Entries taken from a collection
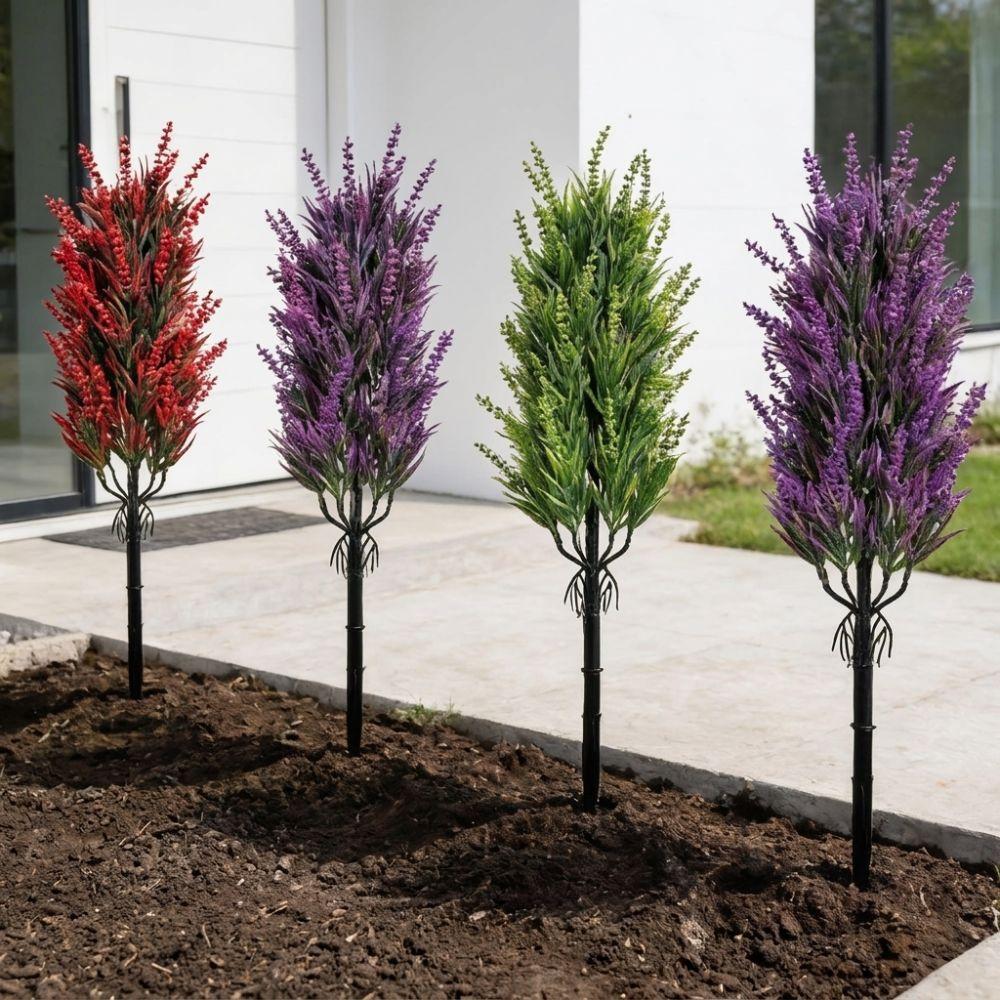 No Fade Lavender Tree Ground Stake UV Resistant Fake Flower Sprigs Maintenance Free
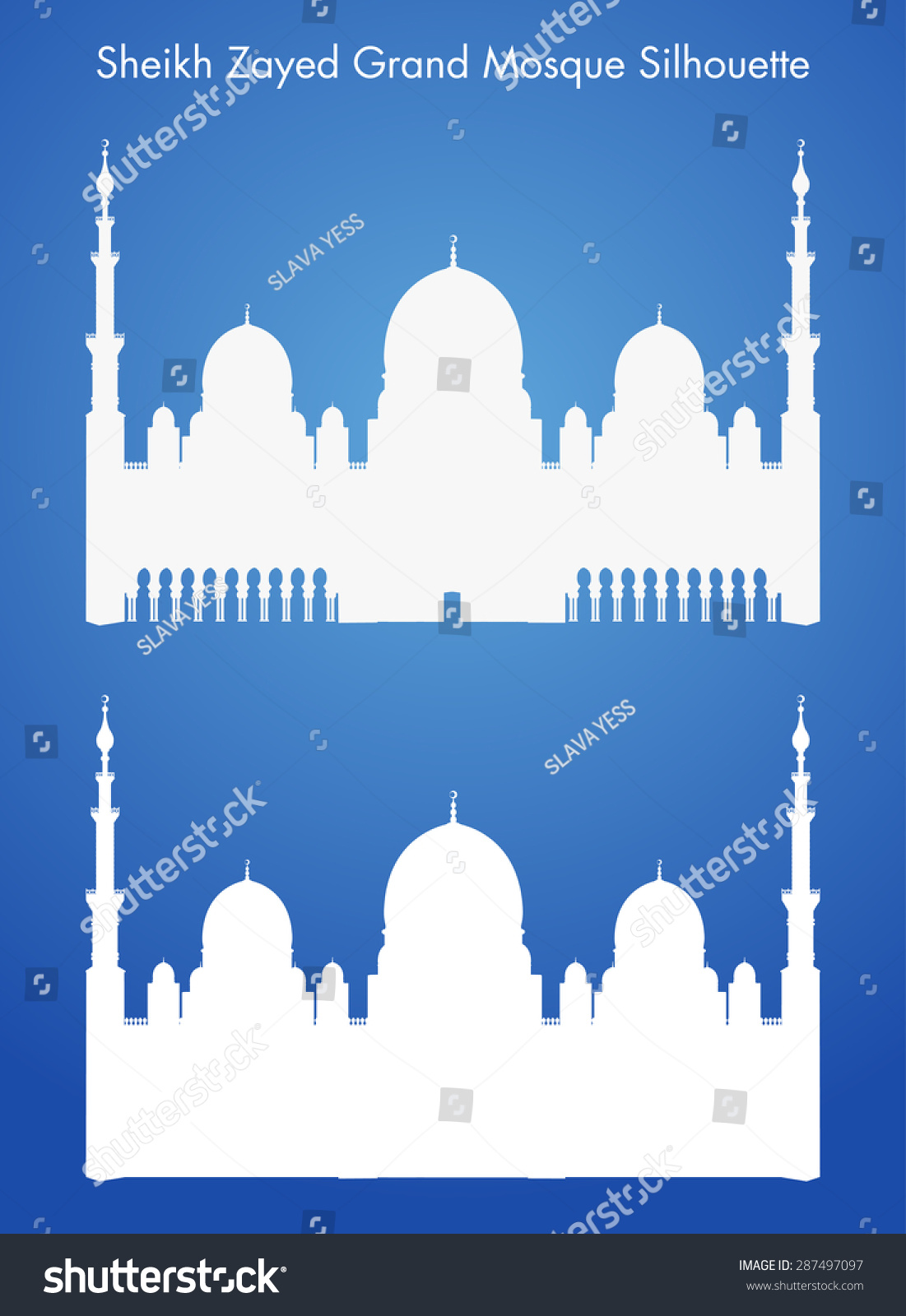 Sheikh Zayed Grand Mosque Silhouette Vector Stock Vector (royalty Free 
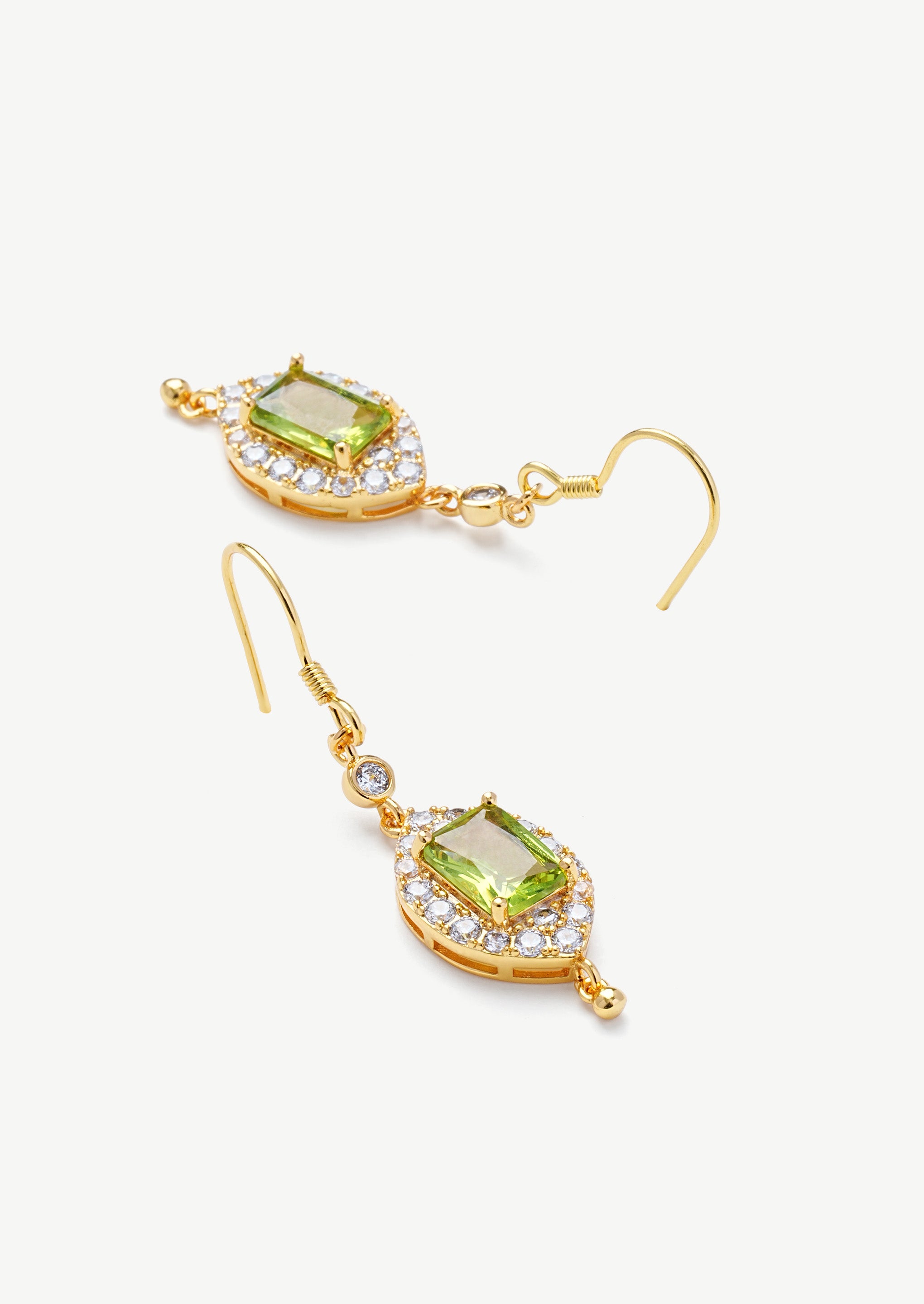 Square Gemstone Drop Earrings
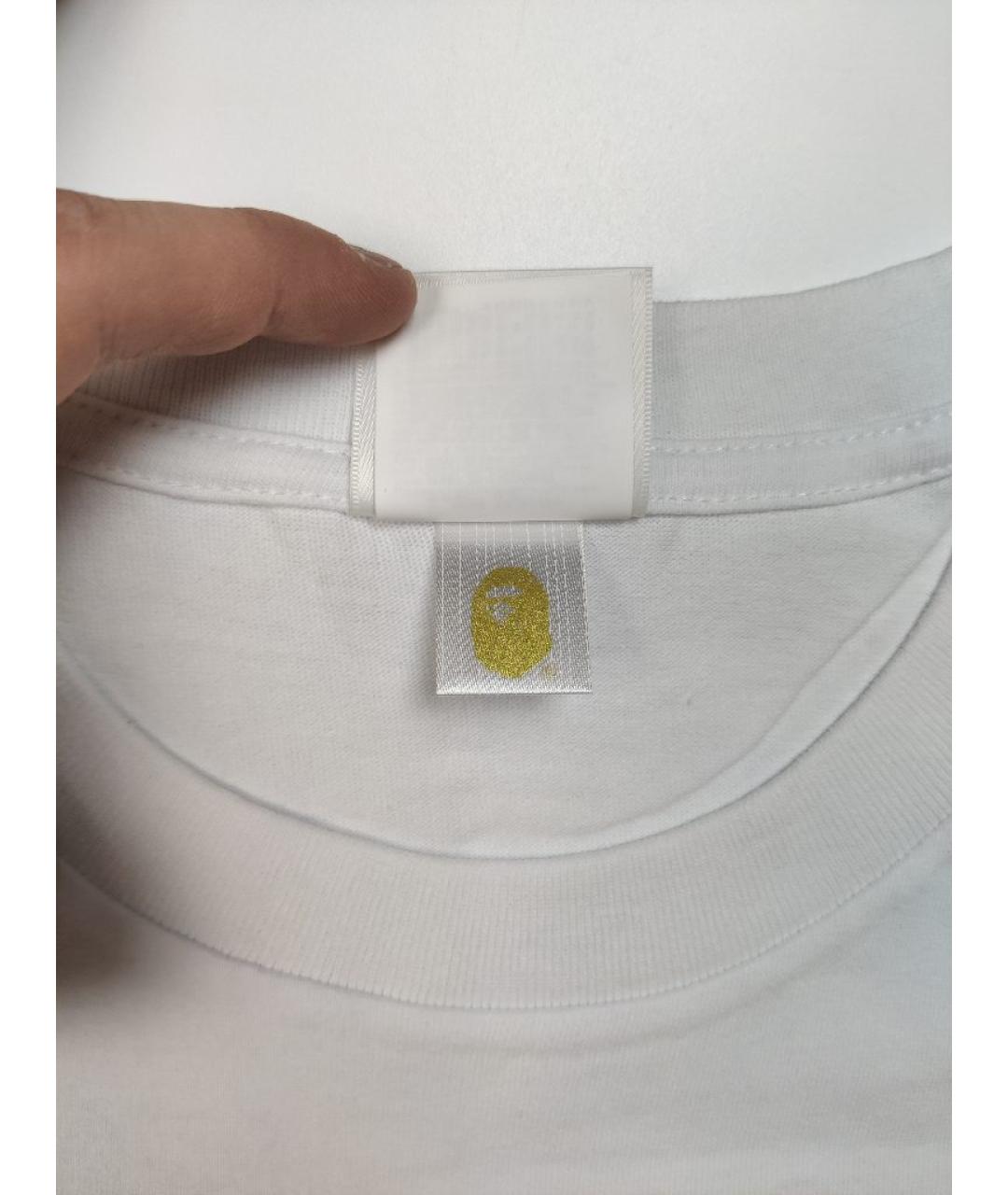 A BATHING APE Белая хлопковая футболка, фото 4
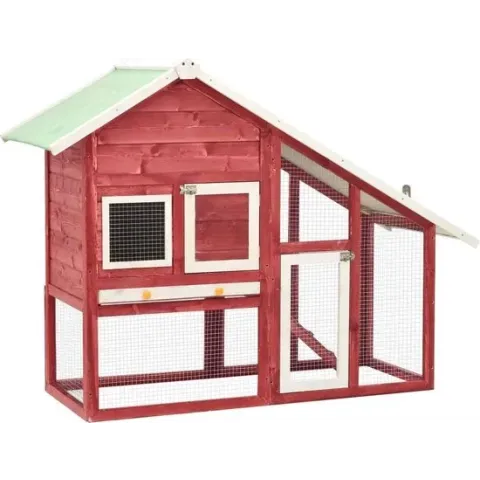 vidaXL Konijnenhok 140x63x120 cm massief vurenhout rood en wit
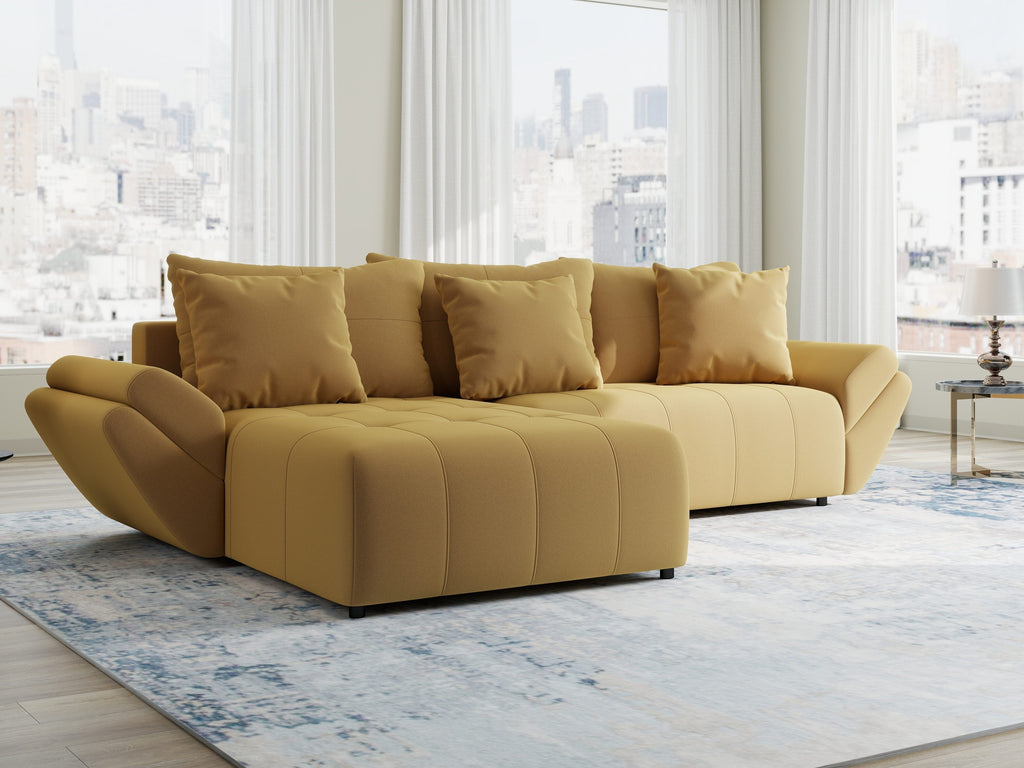 Colțar extensibil dumonde cu ladă de depozitare si sezut confortabil din spuma high-density, Berlin Royal Galben Mustar 280x185 cm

*What is being asked*.
Print every entry word for word; omit the pictures.

*Solution for this task*.
 No Fade Lavender Tree Ground Stake UV Resistant Fake Flower Sprigs Maintenance Free
 Sheikh Zayed Grand Mosque Silhouette Vector Stock Vector (royalty Free 
 Square Gemstone Drop Earrings
 A BATHING APE Белая хлопковая футболка, фото 4
 vidaXL Konijnenhok 140x63x120 cm massief vurenhout rood en wit
 Colțar extensibil dumonde cu ladă de depozitare si sezut confortabil din spuma high-density, Berlin Royal Galben Mustar 280x185 cm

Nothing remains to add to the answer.